Olen Zellweger, D, Team Canada
Switzerland 0 – Canada 7 – April 30, 2021
Scouting report by Justin Froese
I was high on Olen Zellweger coming into this tournament and had rather lofty expectations for this tournament but I’ve been completely astounded by his game. A key question I had coming in was if he could implement his style and pace of game to a higher level of play amongst his peers and he has made quite the impression as he’s put his stamp on each and every game. Zellweger’s used his whole bag of tricks to show off skills he’s developed to manipulate and tilt the ice in his team’s favour and showing that his hockey IQ and awareness is high end. I do still see some areas where he could benefit with a little more safeguarding off pressure plays and explosiveness in his stride but his skating ability is a huge asset. He’s got a strong stacked knee and is efficient in all directions, showing good agility and deceptive stride rhythm which allows him to remain evasive and slip into space as it becomes available. I really love how he manages ice pre-touch and can find seams or set up skill plays to allow for added room to be created. He’s efficient at freezing opponents by shifting his weight efficiently and making plays between checks by feeding false information with even something as subtle as a stick angle or looking off a pass. Has the impulse to always get into the middle and will often press low to stress the D and look for cross seam plays or an available shot. I do think he can get himself into trouble at times and did get rubbed out on the wall a few times but shows that knack to bounce back and adapt to get his leg up on how teams are trying to counteract his style and. Even though not a big guy I think that for me his play recognition is a big strength in how he plays defensively. He’s good at recognizing incoming threats and can step up to time routes and use his stick and speed to eliminate chances ahead of the touch.
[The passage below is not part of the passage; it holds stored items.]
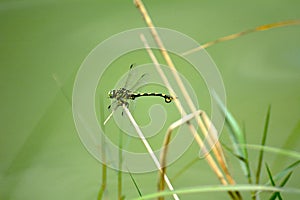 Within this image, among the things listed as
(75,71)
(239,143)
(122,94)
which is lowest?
(239,143)

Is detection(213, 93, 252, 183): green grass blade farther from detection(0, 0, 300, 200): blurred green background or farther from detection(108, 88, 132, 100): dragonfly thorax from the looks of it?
detection(0, 0, 300, 200): blurred green background

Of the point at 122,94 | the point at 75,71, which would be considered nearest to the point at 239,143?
the point at 122,94

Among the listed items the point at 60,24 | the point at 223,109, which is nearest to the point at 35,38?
the point at 60,24

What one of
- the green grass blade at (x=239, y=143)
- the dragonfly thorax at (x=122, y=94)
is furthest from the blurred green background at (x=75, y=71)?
the green grass blade at (x=239, y=143)

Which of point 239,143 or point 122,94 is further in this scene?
point 122,94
Boxing out and consistently badgering opponents will be key areas for him to work on as will stick detail, but I really think he’s got a good knack for knowing when to transitionally defend and when he needs to gap and control pace to eliminate dot lane chances. Lots to love here in this package as he could be an efficient transitional defender and power play threat at the next level. Will fill out over time but will need to work on that explosiveness to keep himself ahead of his peers. he’s going to creep up my list and press for a top 30-40 slot.